Find the smallest number by which 8640 must be divided so that the quotient is a perfect cube. also find the cube root of the number so obtained.

Answer 1

5 is the smallest number by which 8640 must be divided so that the quotient is a perfect cube.

8640=2.2.2.2.2.2.3.3.3.5

therfore smallest number=5

cube root obtained=8640/5=1728.

Answer 2

Answer:

The required smallest number which 8640 must be divided so that the quotient is a perfect cube is 5.

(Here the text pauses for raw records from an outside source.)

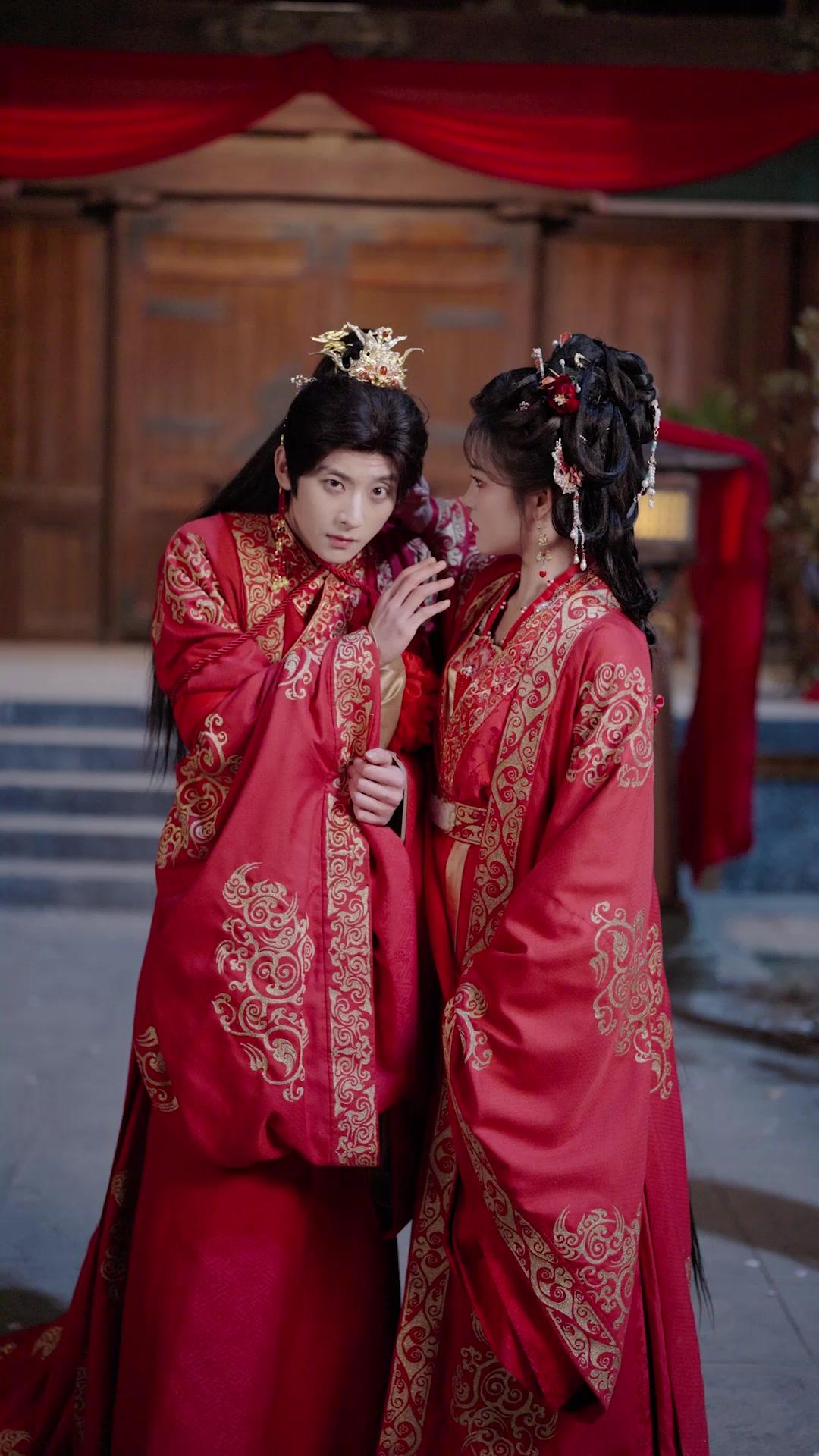 Playboy? He's the Real Deal!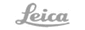 Leica ライカ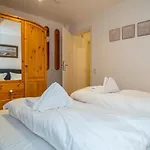 Falkennest 1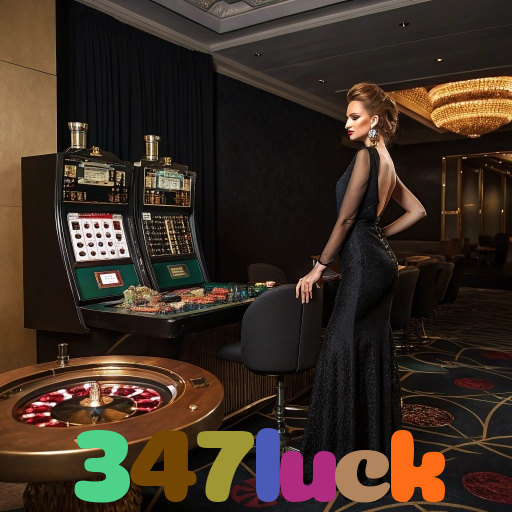 347luck：Jogue poker, aposte no futebol e ganhe em grandes jogos de cassino!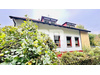 Einfamilienhaus kaufen in Steinheim Grevenhagen, mit Stellplatz, 2.500 m² Grundstück, 166 m² Wohnfläche, 7 Zimmer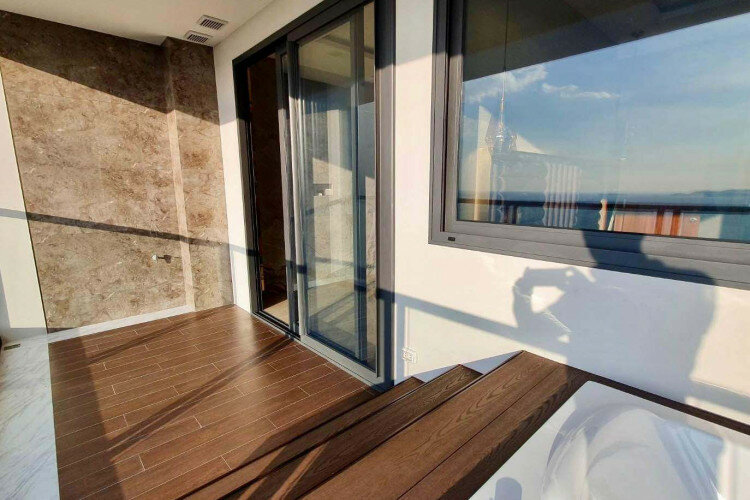 Кондоминиум в Паттайе, Таиланд | THE208245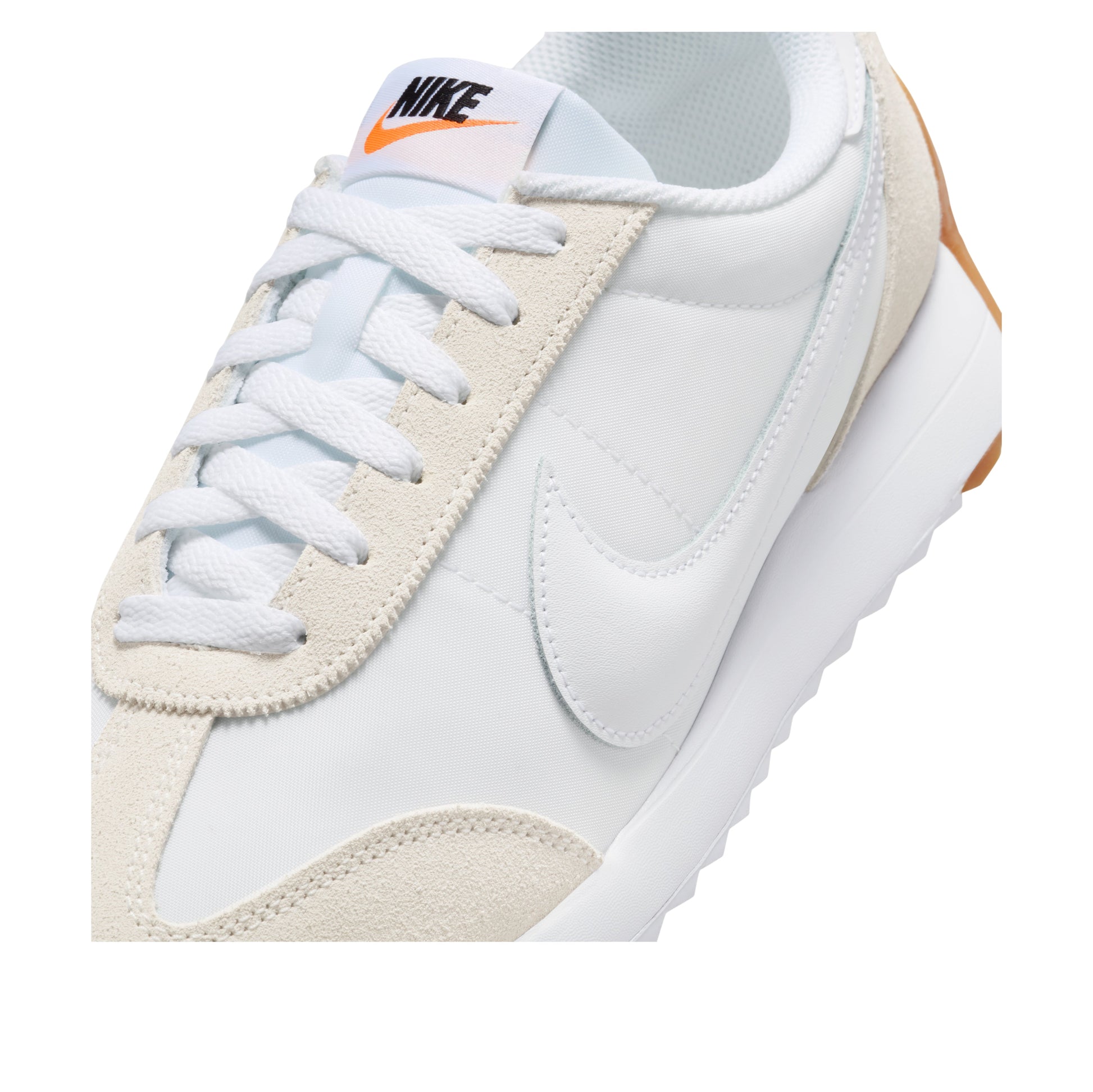 (WMNS) Nike Pacific 'White Gum' HM4771-103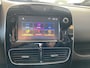 Renault Clio Estate 0.9 TCe Intens,1e Eigenaar,Dealeronderhouden,Navigatie,Parkeerassistent,Climate&Cruiscontrol,Spraakbediening,Keyless,Trekhaak,Acteruitrijsensoren,Halfstof/Leder,Dakrail,16 Inch Lmv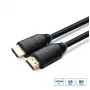 Microconnect 8K HDMI kabel 4m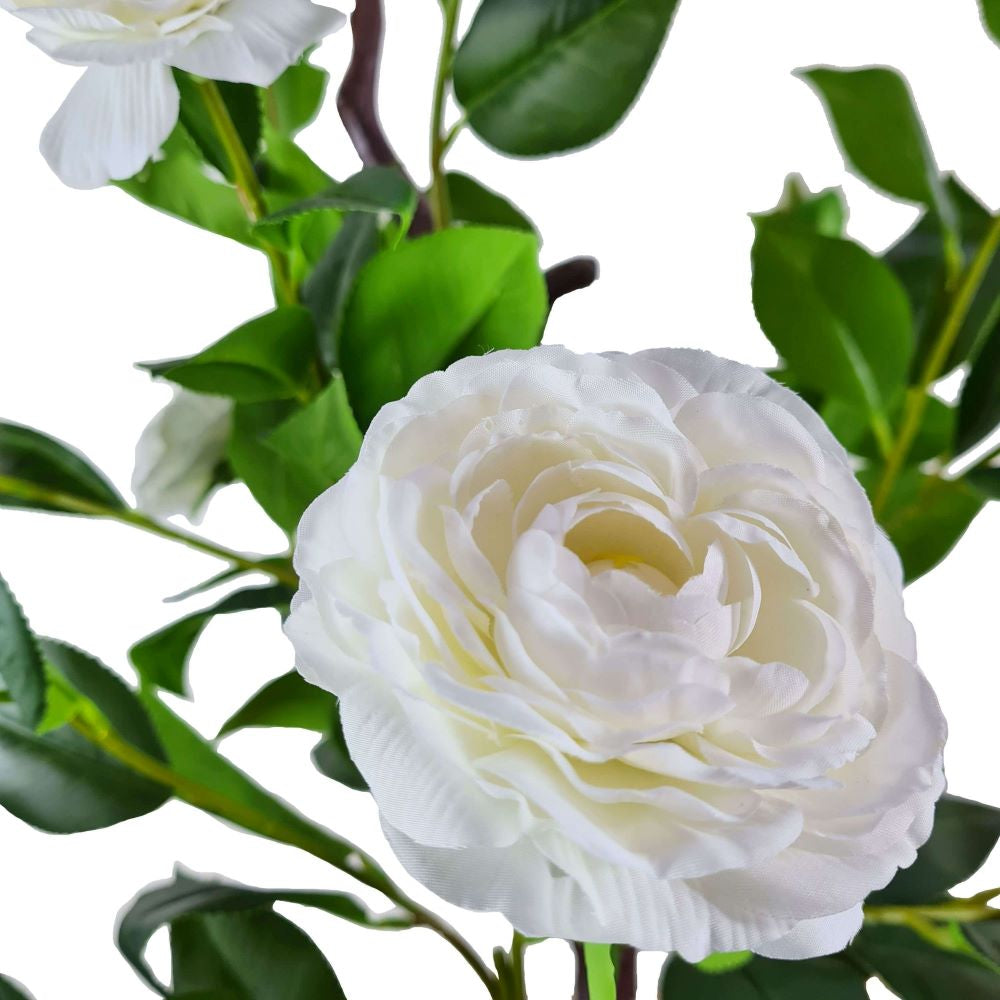 flowering-natural-white-artificial-camellia-tree-180cm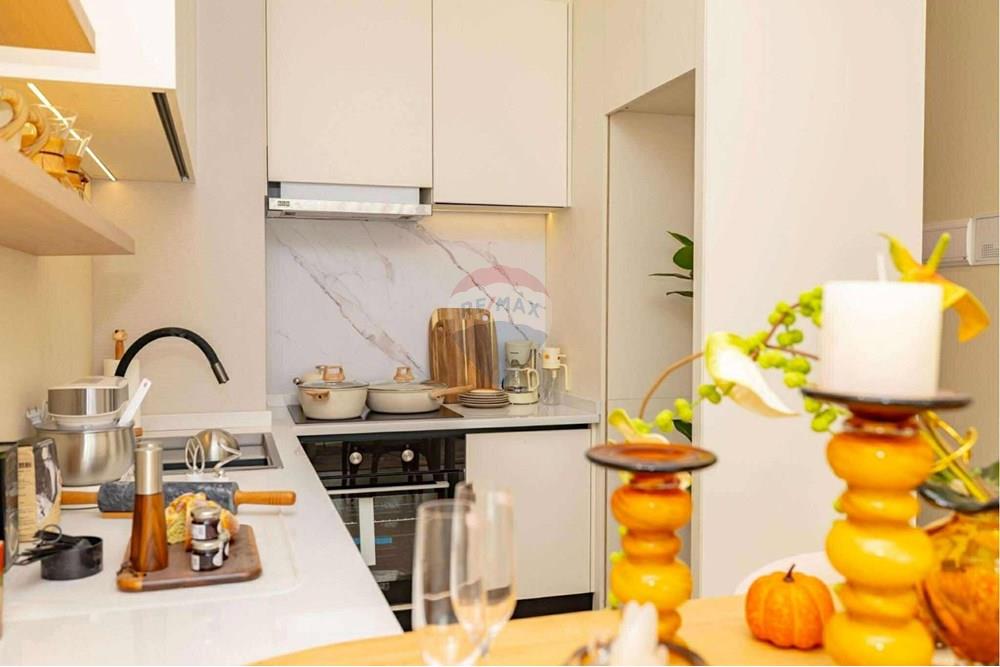 Residenziale - Appartamento - Хан-Уул, Монгол - MN - viber_image_2025-10-08_09-32-55-214.jpg - 119012430-30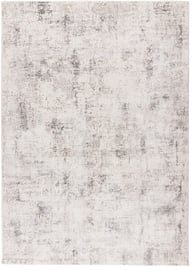 Pikkukuva: Pierre Cardin Lyon matto 160x230 silver
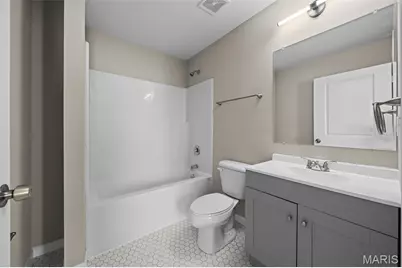 9931 S Broadway, Saint Louis, MO 63125 - Photo 15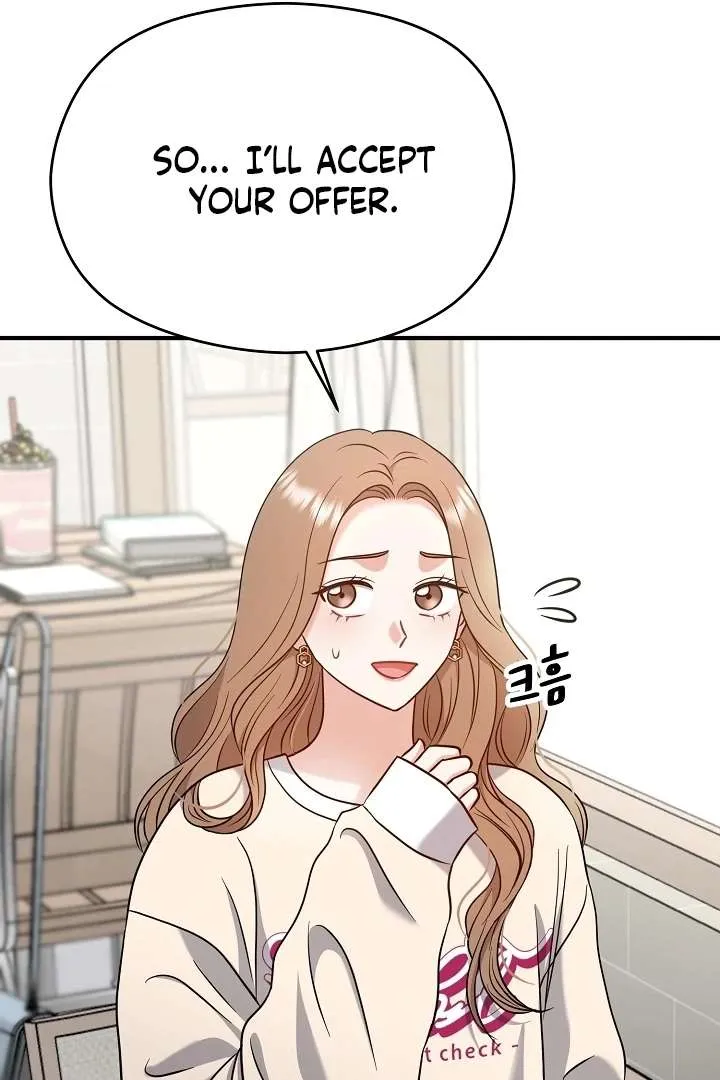 Chapter 2 — page 74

The required cube root of 1728 is 12.

Step-by-step explanation:

To find : The smallest number by which 8640 must be divided so that the quotient is a perfect cube. also find the cube root of the number so obtained.

Solution :

First we factor the number 8640,

$8640=2 \times 2\times2\times2\times2\times2 \times3\times3\times3 \times 5$

Making a pair of 3,

$8640=2^3\times2^3 \times3^3 \times 5$

As 5 left alone which means if we divide 8640 by 5 we the the number having a perfect cube.

So, The required smallest number which 8640 must be divided so that the quotient is a perfect cube is 5.

Now, Divide by 5

$\frac{8640}{5}=\frac{2^3\times2^3 \times3^3 \times 5}{5}$

$1728=(2\times2\times3)^3$

$1728=(12)^3$

Therefore, The required cube root of 1728 is 12.